Hohlfeld and colleagues’ study9 also raises the question of whether lung deflation and increased ventricular diastolic volumes represent meaningful surrogate markers for cardiovascular function in future COPD investigations. The use of combined ICS–LABA was not associated with a reduction in cardiovascular deaths in the TORCH trial,11 nor were there associations between indacaterol–glycopyrronium use and cardiovascular outcomes in a pooled analysis of 14 studies,12 suggesting no direct association between improvement in lung function and cardiovascular events. Albeit promising, the findings from Hohlfeld and colleagues9 do not provide the evidence needed to decipher these interconnected observations. However their findings, in addition to those by Stone and colleagues,8 provide the framework with which to investigate whether improved ventricular filling in COPD represents a clinically meaningful target, or merely an associated occurrence of effective bronchodilation.

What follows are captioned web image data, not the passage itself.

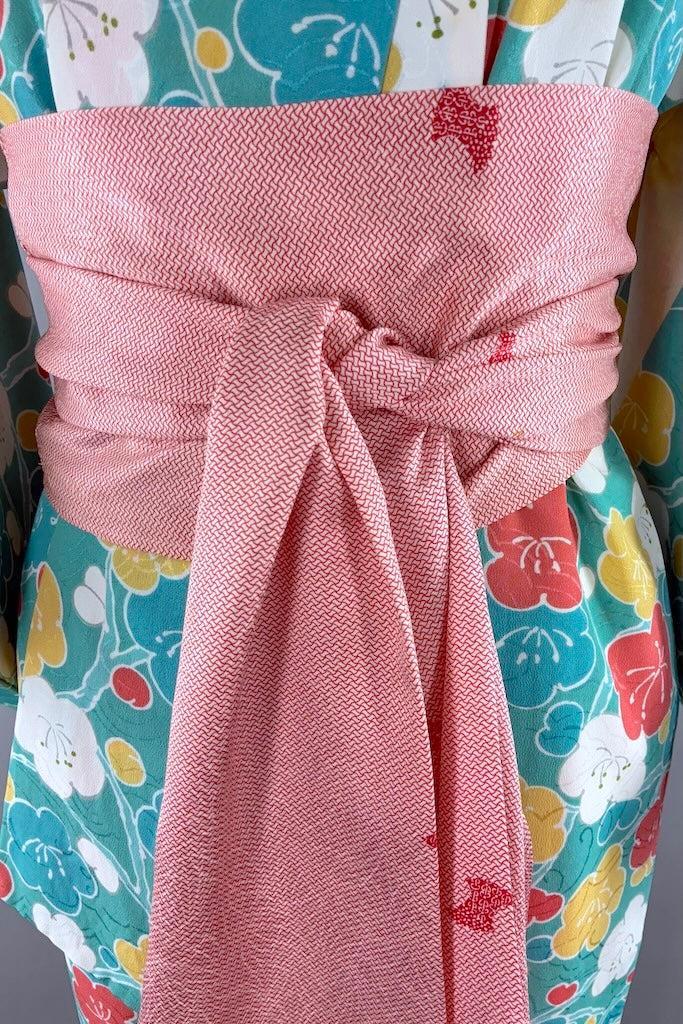 Vintage Aqua Blue Floral Kimono Robe-ThisBlueBird
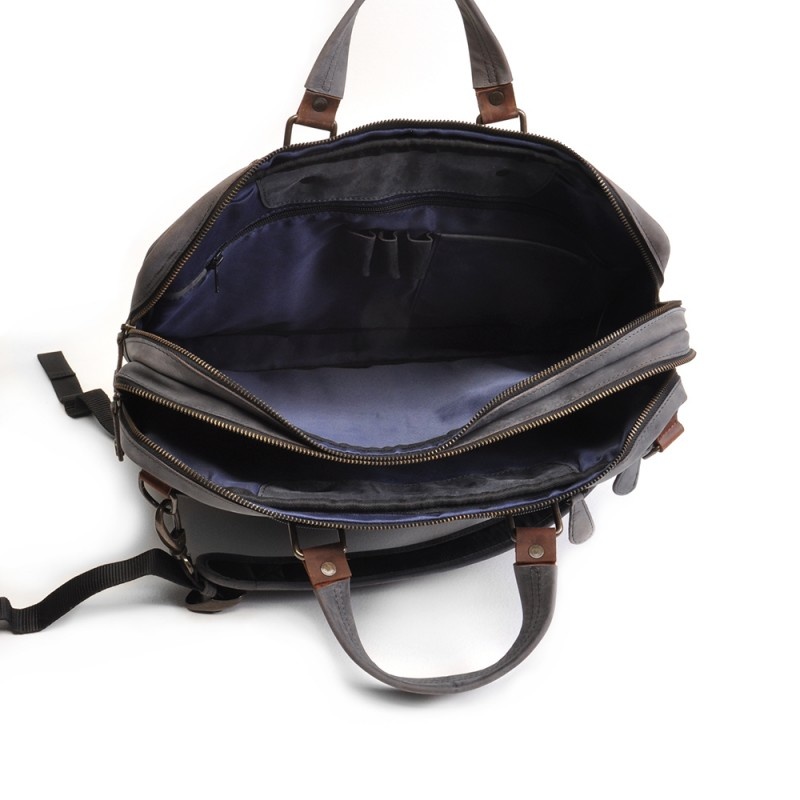 Barbarossa Barbarossa Ruvido Leren convertible backpack Navy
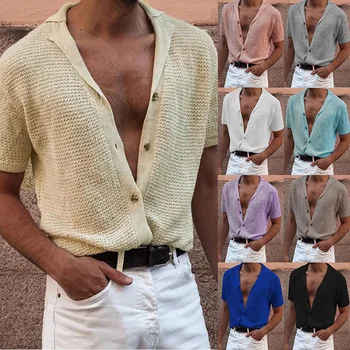 Bărbați Vara Topuri cu Maneci Scurte Pieptul Singur Respirabil Tricotate Tricouri Barbati Casual Gol Afară Pulover de Sus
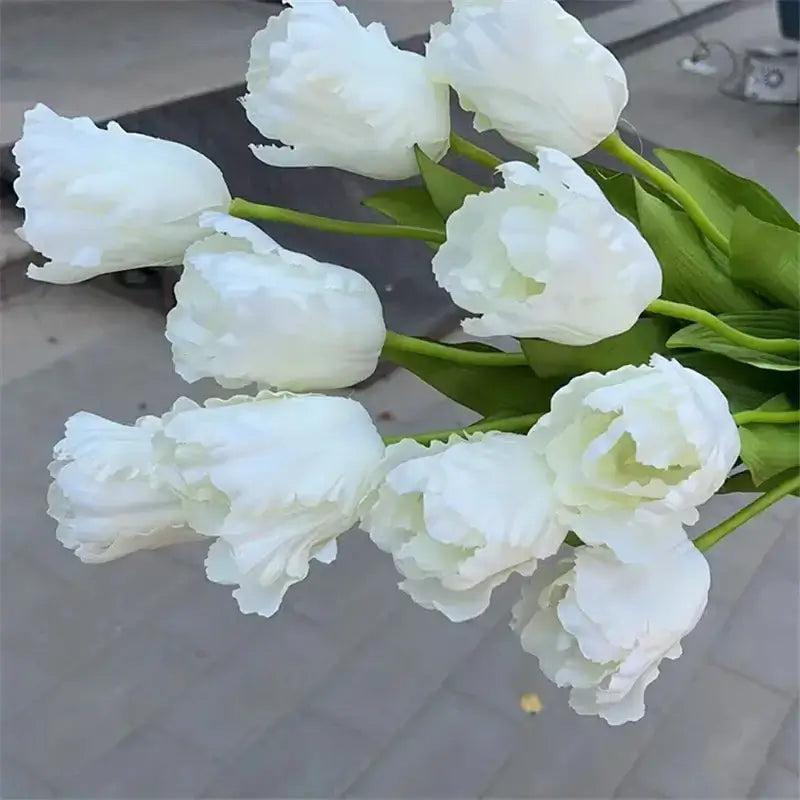 Large Tulips Silk Artificial Blooms White Bunch 1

Finally, we present a word of caution regarding the association of increasing ventricular filling volumes with LABA–LAMA therapies. Generally, the prevalence of hypertension, heart failure (both reduced and preserved ejection fraction), arrhythmias, coronary artery disease and valvular heart disease is substantial among individuals with COPD. Such patients with these potentially undiagnosed comorbidities might not inherently do better with increasing filling volumes or pressures. Hence, the potential to unmask silent cardiovascular disease is an important consideration that must be addressed before initiating dual bronchodilator therapy.13 Although Hohlfeld and colleagues did not observe such hazards in their short-term trial, prospective clinical trials are nonetheless needed before early or preventive intervention to reduce lung volumes and cardiovascular disease with dual LABA–LAMA therapies can be safely recommended.
Despite the aforementioned limitations, Hohlfeld and colleagues9 provide substantial evidence of an ever-present relationship linking pulmonary hyperinflation with altered cardiac haemodynamics. The results of their trial further substantiate calls for early interventions to reduce hyperinflation as a means of preventing related cardiac comorbidities. More importantly, their preliminary findings emphasise the need for continued prospective clinical trials to investigate novel strategies to reduce cardiovascular events in patients with COPD.
Acknowledgments
JMW reports grants from NIH/NHLBI, GSK, AstraZeneca, Bayer, and Gilead, and other funds from GSK, Mylan, Quintiles, and Mereo BioPharma. GAP declares no competing interests.